(Yea, I know it's been a while since I posted, and after the New Year I plan to resume my look at Firestorm as if nothing happened. For now, here's a Christmas Day look at a holiday themed book from the House of Ideas.)
In 1991, one year after the end of the original Power Pack series, Marvel published the Power Pack Holiday Special. For the most part, this was one of those "Holiday" comics that qualifies as a Christmas issue simply because it was published in December. Of the three stories in this issue, only one really has anything to do with the holiday.
The lead story reunites series creators Louise Simonson and June Brigman for a story that seems to serve mainly to tie up all the dangling plotlines left when the series ended. Thus, this is not a story for the uninitiated, like myself. Simonson does a pretty decent job of filling in the gaps for any new readers who might have picked this up by mistake. However, I didn't really understand what was going on until I went back and read a couple of the older issues.

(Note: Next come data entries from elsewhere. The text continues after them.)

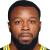 Player picture of Lerentee McCray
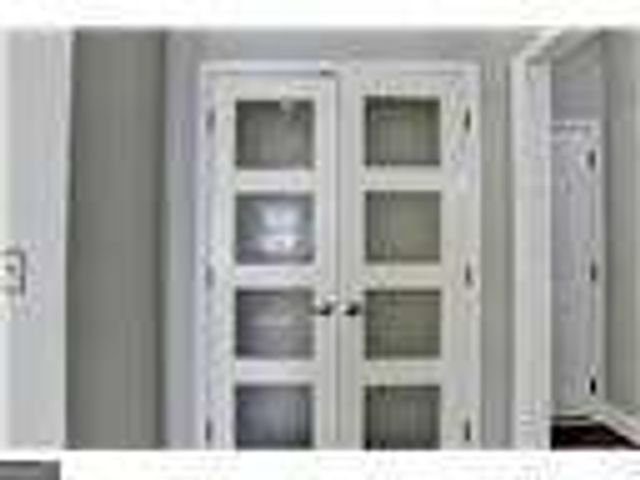 1205 Havenstone Walk, Lawrenceville, GA 30045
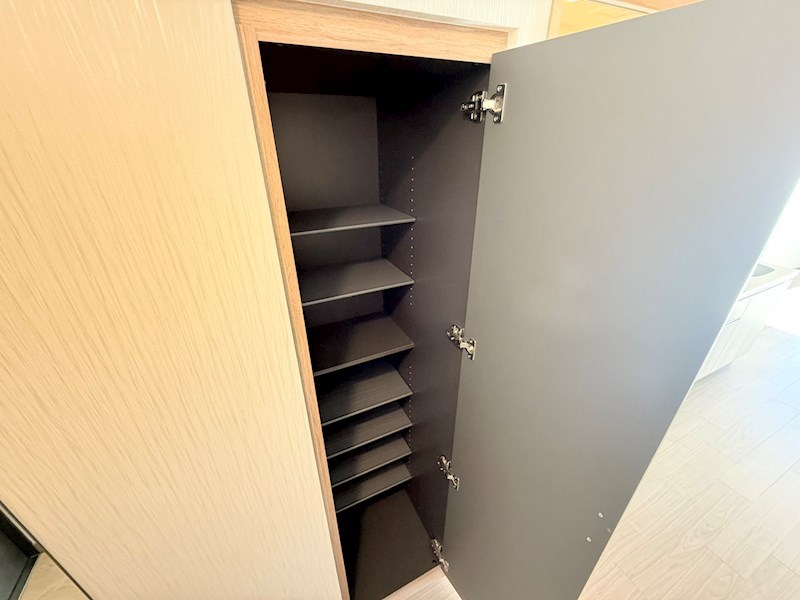 プレジオ西新井 その他11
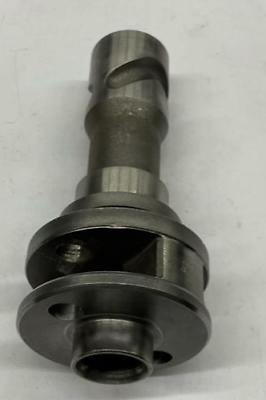 Ingersoll Rand 5081T-8 Tool Gear Frame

From what I can gather, when the series ended, the Power children's father had gained superpowers himself, the revelation of her children's powers had caused their mother to go into a catatonic stupor, and oldest child Alex had been transformed into one of the aliens who gave the children their powers in the first place.
Or so it seemed.
The story opens with the family traveling to the home planet of those aliens, the Kyrellians, where the truth of these changes is revealed. As they near the planet, the children discover that what they thought were their parents and older brother were actually duplicates made of something called pseudoplasm. The doppelgangers were created by an evil Kyrellian called the Technocrat, who resents the Powers for leading his people to a new world where they no longer need his technological expertise. Technocrat has allied himself with the Pack's old enemy, Maraud, queen mother of the Snarks. The rest of the story follows the groups efforts to rescue their real parents and brother and defeat Technocrat and Maraud.
During the course of the series, the kids' had switched superpowers a couple of times, and now they find that they can swap powers at will. This effect proves to only temporary, and at story's end the children all have their original powers. Also, despite all that has happened, the Power Pack's parents still don't know about their kids' super-heroic identities, thanks to a so-called "mind-lock" implanted by the Kyrellians which allows the adults to accept such strange events without question.
Thus, the story also effectively hits the reset button on the series, wiping out almost all of the changes that occurred during the course of the series and giving future writers a clean slate when the series would eventually be revived.
There is at least a mention of Christmas, as the family returns to Earth and sees the giant Christmas tree in New York City, and realize that they've arrived home in time for the holiday.
The second story, by Mindy Newell and Steve Buccellato, doesn't even make that much of a nod toward the season. If I were to hazard a guess, I'd say this was an inventory story that Marvel decided to finally publish while they could. It's a pretty routine tale of teen angst with Julie Power pining over a boy who barely notices that she's alive.
The third story, featuring Jack Power and some of the earliest work by current Amazing Spider-Man writer Dan Slott, is the only one that could really be called a Christmas story. Jack conspires to reunite his teacher with her family for Christmas in order to get out of a test. It's a cute little story, but I can't really buy the basic premise. I find it hard to believe that even the meanest, most embittered, old maid of a school teacher would make a student take a test on Christmas Day.
As a farewell to the original Power Pack series, this special works well. As a Christmas themed comic book, and a stand alone issue, it fails to make the grade.